• PROBLEM DESCRIPTION: Set down, word for word, every line of the material below from the one containing "Fruit Gems Collection" through the one containing "Modelo City Street", but none of its pictures.

• MATERIAL FOR THIS TASK:
- - - - - - -
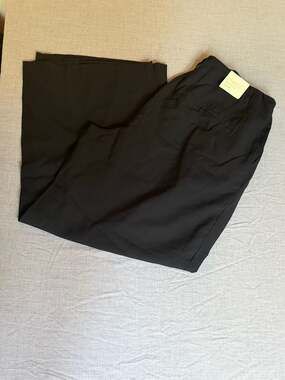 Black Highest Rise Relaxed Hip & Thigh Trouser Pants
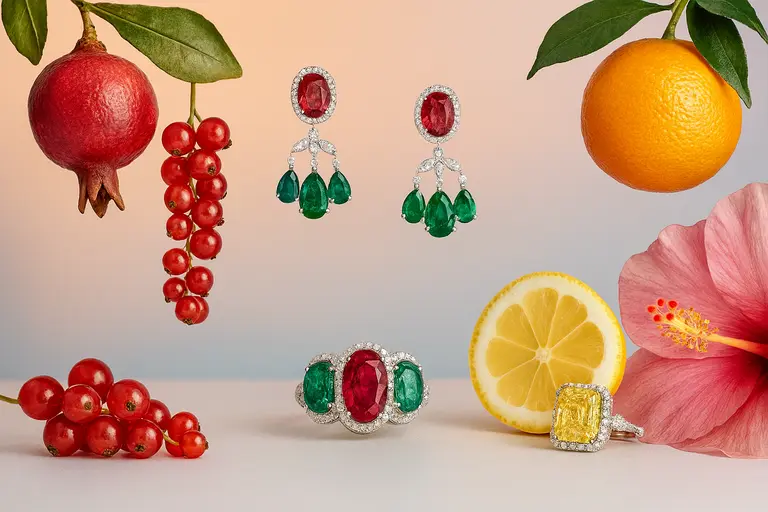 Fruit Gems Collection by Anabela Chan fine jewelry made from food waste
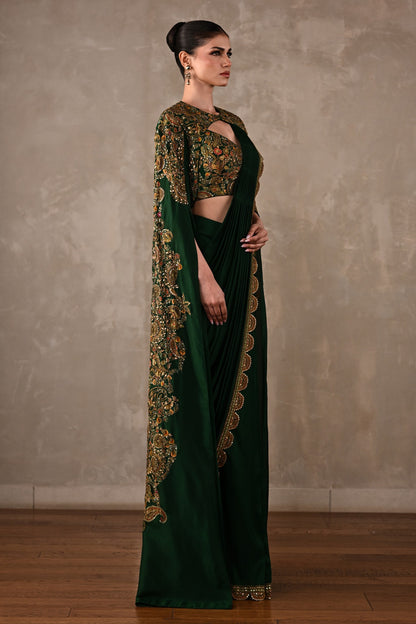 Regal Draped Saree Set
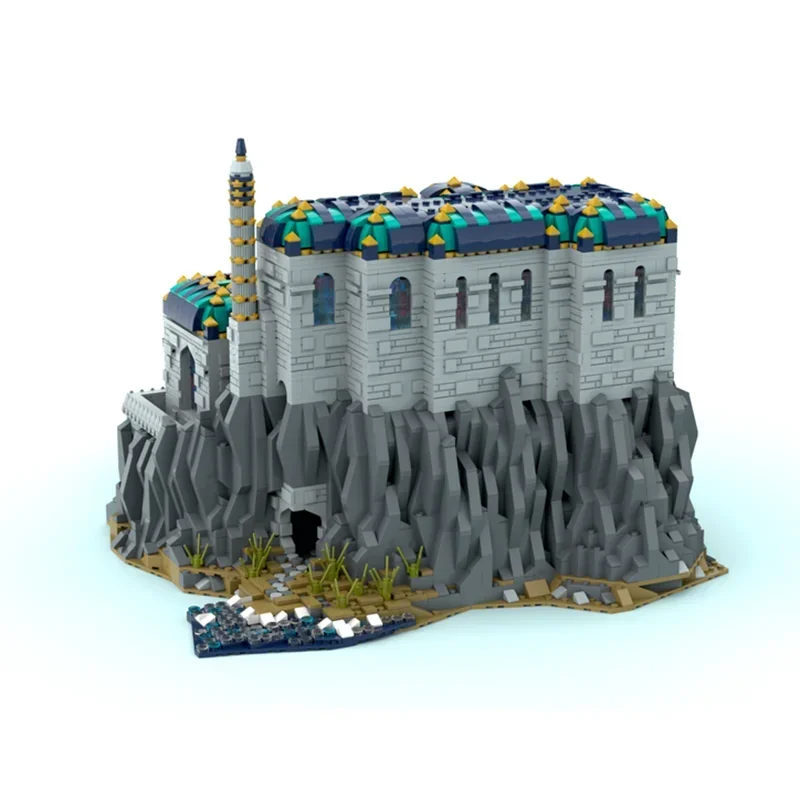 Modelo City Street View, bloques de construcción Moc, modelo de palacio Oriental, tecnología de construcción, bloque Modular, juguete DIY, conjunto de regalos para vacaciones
- - - - - - -
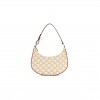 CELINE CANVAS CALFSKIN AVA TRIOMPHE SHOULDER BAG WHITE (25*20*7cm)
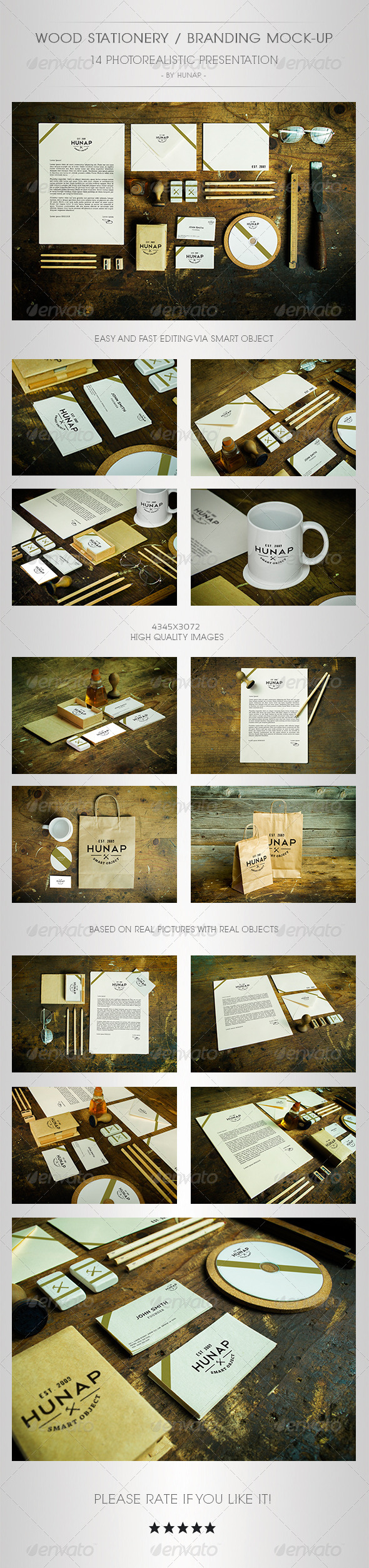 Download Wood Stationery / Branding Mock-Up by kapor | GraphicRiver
- - - - - - -
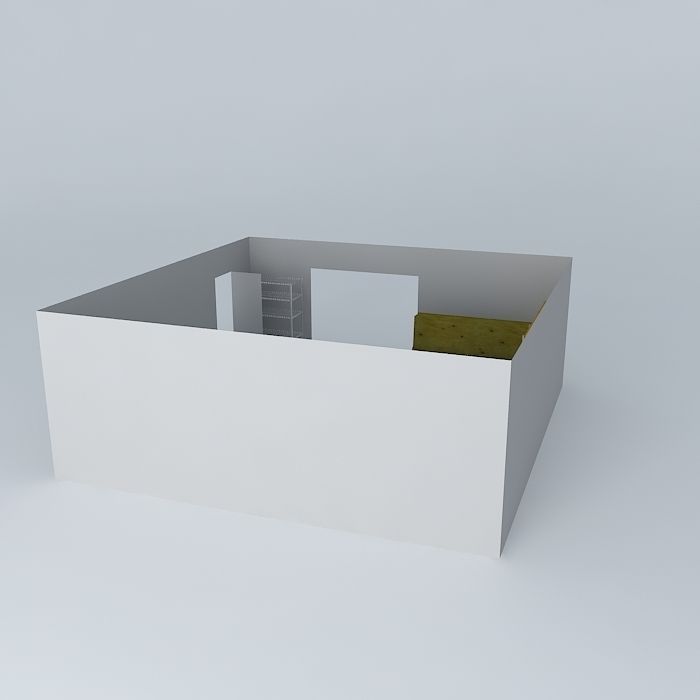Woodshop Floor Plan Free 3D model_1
- - - - - - -
• SOLUTION:
 Fruit Gems Collection by Anabela Chan fine jewelry made from food waste
 Regal Draped Saree Set
 Modelo City Street View, bloques de construcción Moc, modelo de palacio Oriental, tecnología de construcción, bloque Modular, juguete DIY, conjunto de regalos para vacaciones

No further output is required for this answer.